From: Russell Standish <R.Standish.domain.name.hidden>
Date: Thu, 13 Jan 100 15:37:53 +1100 (EST)

> > It is linked to the following question: you are read and destroyed at
> > Brussels and reconstituted in one exemplar at Washington and 9 identical
> > exemplars in 9 thoroughly identical virtual simulation of Moscow.
> > What is, at Brussels, your first person expectation to find yourself
> > in Washington and Moscow ?
>
> Well, first there is the question of what you mean by a 1st person
> expectation and by "yourself". There is no 1 of the 10 copies which is
> linked more than the others to the original copy.
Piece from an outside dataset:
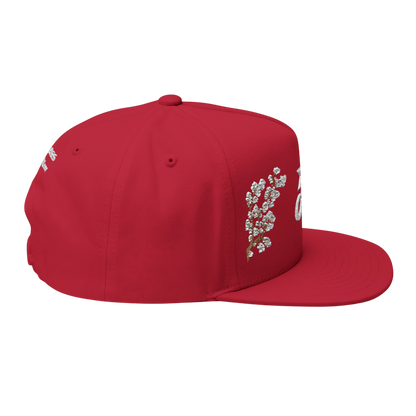 "Carpe Diem" (embroidered) - Timeless Cap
So depending on the
> definition I would either say that you are only at Brussels, or that you
> are at all three places.
> But for practical purposes (such as, if you knew only German,
> deciding which language to learn before being scanned, English or
> Russian), I would of course say that, after the reconstitution, your
> effective probability of seeing Moscow is 90%, so Russian is more
> "likely" to come in handy.
>
> > If you say that your expectation to find yourself at Maoscow is bigger
> > than the one to find yourself at Washington, then, by definition, I will
> > say that you link the measure with the number of (actual, here) running
> > computations.
>
> OK, not just link it, but say it is directly proportional
> (but see above). But my point is that if you do that you reject the
> RSSA. For example, suppose that a year later (on 1/1/2001), the copies at
> Moscow are destroyed except for one, while at Washington 8 new copies of
> the version of you that has been there are made. During 2000, what is the
> effective probability that you would be at Moscow? It is 90%; next year,
> it is 10%.
> But according to the RSSA that would not be the case. If you
> are 90% likely to be in Moscow in 2000, each type of version of you could
> only "flow into" its own continuation, so the eff. pr. of being at Moscow
> woulkd remain at 90% for 2001. (Chris Maloney would claim that the
> eff. pr. of being at Moscow would be 10% for both years).

Interesting way of putting it. I quite agree, the RSSA says that in
1999, the probability of being in Moscow in 2001 is 90%, and 10% of
being in Washington. But then effective probability is not related to
absolute measure, rather the conditional measure - so no problems here.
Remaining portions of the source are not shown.